- **GIVEN INFORMATION**:
★ ★ ★ ★ ★

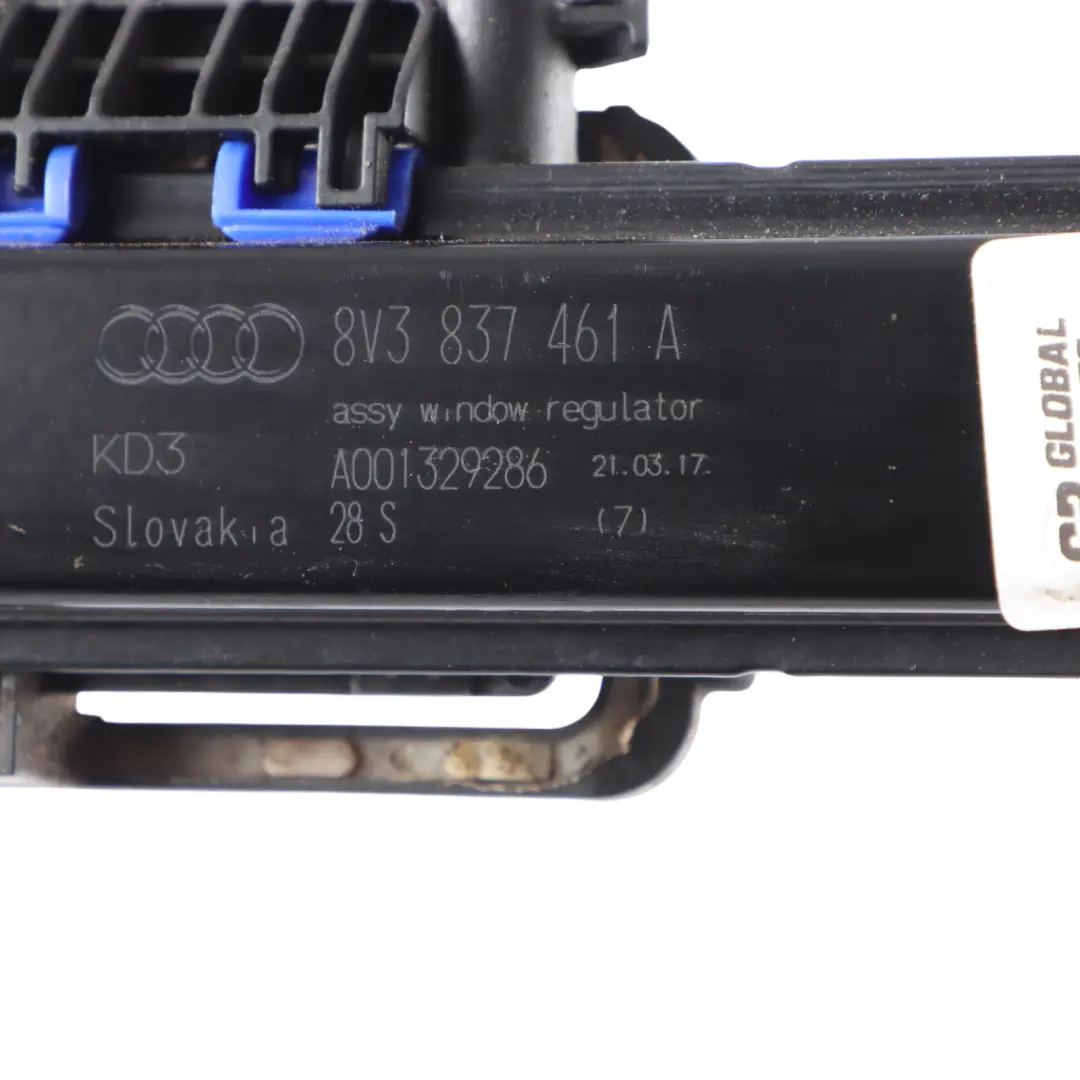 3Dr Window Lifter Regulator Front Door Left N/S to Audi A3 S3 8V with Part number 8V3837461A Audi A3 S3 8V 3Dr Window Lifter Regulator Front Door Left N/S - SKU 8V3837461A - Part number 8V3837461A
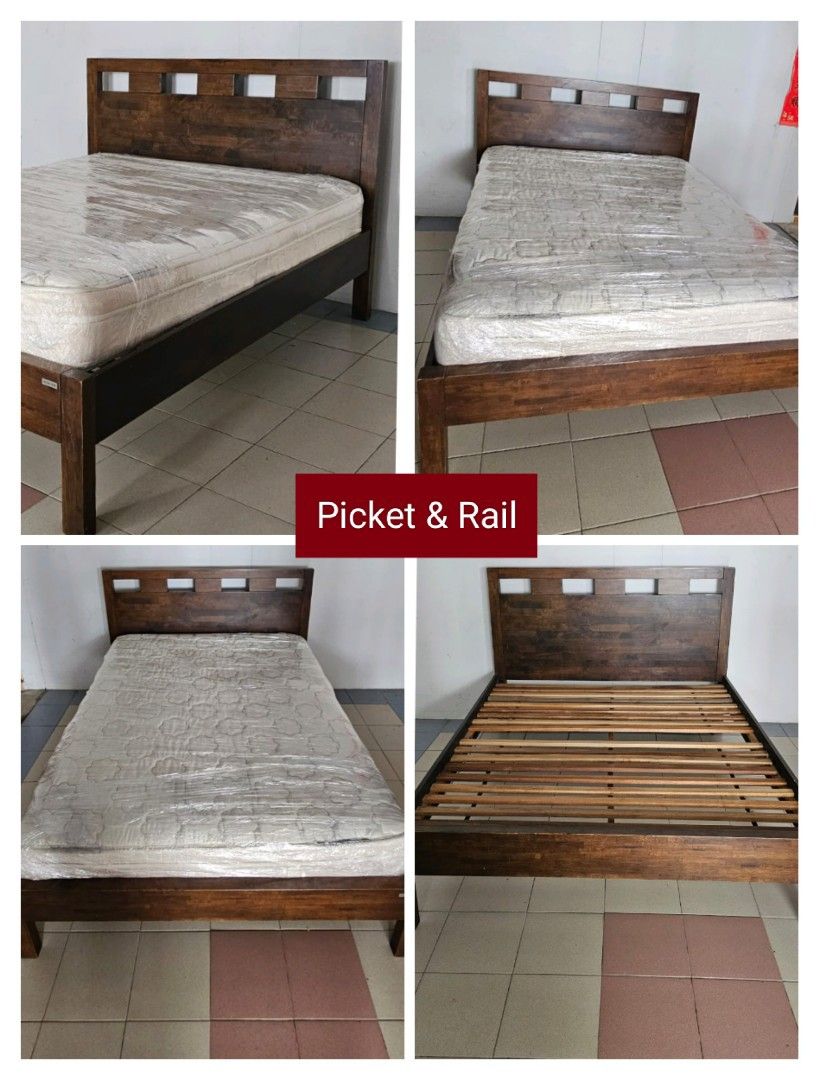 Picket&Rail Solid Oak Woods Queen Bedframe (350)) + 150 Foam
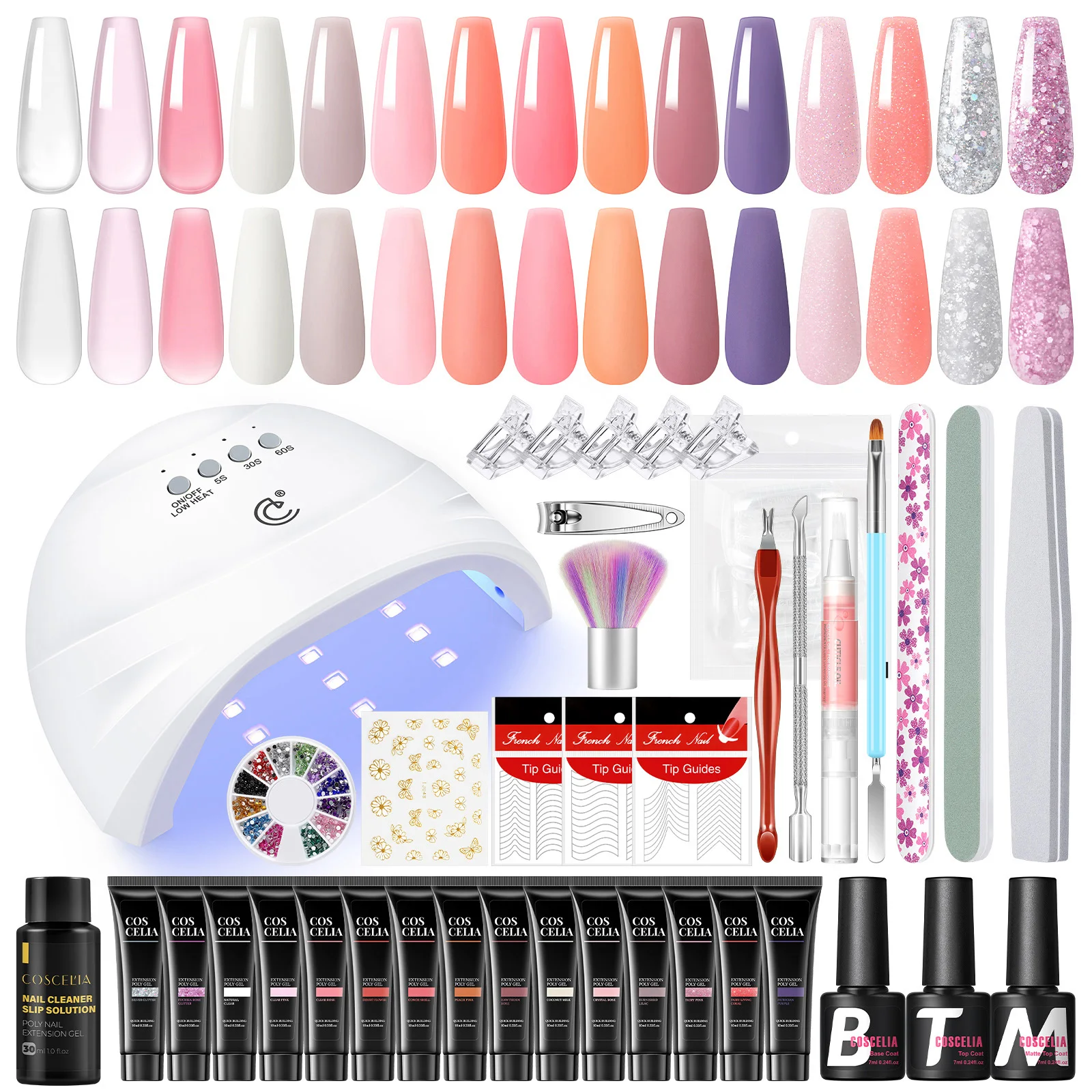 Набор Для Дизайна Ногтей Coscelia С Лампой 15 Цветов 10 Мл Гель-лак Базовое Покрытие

★ ★ ★ ★ ★

- **WORK REQUEST**:
Restate the material word for word, minus pictures.

- **RESULT**:
 3Dr Window Lifter Regulator Front Door Left N/S to Audi A3 S3 8V with Part number 8V3837461A Audi A3 S3 8V 3Dr Window Lifter Regulator Front Door Left N/S - SKU 8V3837461A - Part number 8V3837461A
 Picket&Rail Solid Oak Woods Queen Bedframe (350)) + 150 Foam
 Набор Для Дизайна Ногтей Coscelia С Лампой 15 Цветов 10 Мл Гель-лак Базовое Покрытие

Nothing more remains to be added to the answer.